CCJ no Senado - Foto: Geraldo Magela/Agência Senado
CCJ no Senado - Foto: Geraldo Magela/Agência Senado

Em uma decisão histórica nesta quarta-feira, 24 de setembro de 2025, a Comissão de Constituição e Justiça (CCJ) do Senado Federal aprovou por unanimidade o parecer do relator Alessandro Vieira (MDB-SE) contrário à PEC da Blindagem, sepultando definitivamente a proposta que havia gerado uma das maiores ondas de indignação popular dos últimos anos. Com 26 votos favoráveis à rejeição e nenhum contrário, os senadores enterraram a controversa Proposta de Emenda à Constituição nº 3 de 2021, que pretendia ampliar a proteção judicial para parlamentares.


A votação unânime pela rejeição da PEC marca um momento decisivo no cenário político brasileiro, representando uma vitória da pressão popular exercida nas manifestações realizadas em todas as 27 capitais do país no último domingo, 21 de setembro. A decisão da CCJ encerra definitivamente qualquer possibilidade de tramitação da proposta no Senado, uma vez que, segundo o regimento interno, quando há unanimidade na rejeição por inconstitucionalidade, a matéria é considerada arquivada sem necessidade de recurso ao plenário.

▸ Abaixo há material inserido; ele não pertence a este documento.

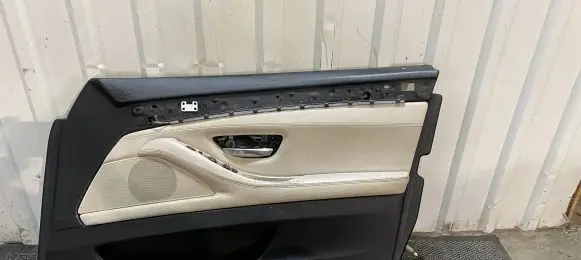 BMW 5 F10 F11 Front door card panel trim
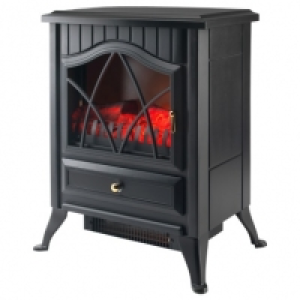 Beldray Log Effect Medium Stove 1800W
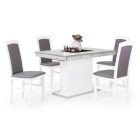 Fa asztallapos étkezőasztal Sonoma tölgy T1650-1-58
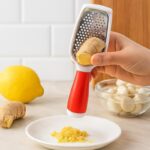 Râpe à ail en inox – Image 2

Voto histórico de Alessandro Vieira


Durante a sessão da CCJ, que começou às 9h conforme programado, Alessandro Vieira leu integralmente seu parecer pela "inconstitucionalidade, injuridicidade e rejeição" da PEC da Blindagem. Em um dos momentos mais contundentes de sua fala, o senador sergipano declarou que:


"essa é uma PEC que definitivamente abre as portas do Congresso Nacional para o crime organizado".

O relator fundamentou sua posição em três pilares principais: desvio de finalidade, inconstitucionalidade e atentado à moralidade pública. Segundo Vieira, embora a PEC se apresentasse como um instrumento de defesa das prerrogativas parlamentares, seu:


"real objetivo não é o interesse público, mas sim os anseios escusos de figuras públicas que pretendem impedir ou, ao menos, retardar, investigações criminais".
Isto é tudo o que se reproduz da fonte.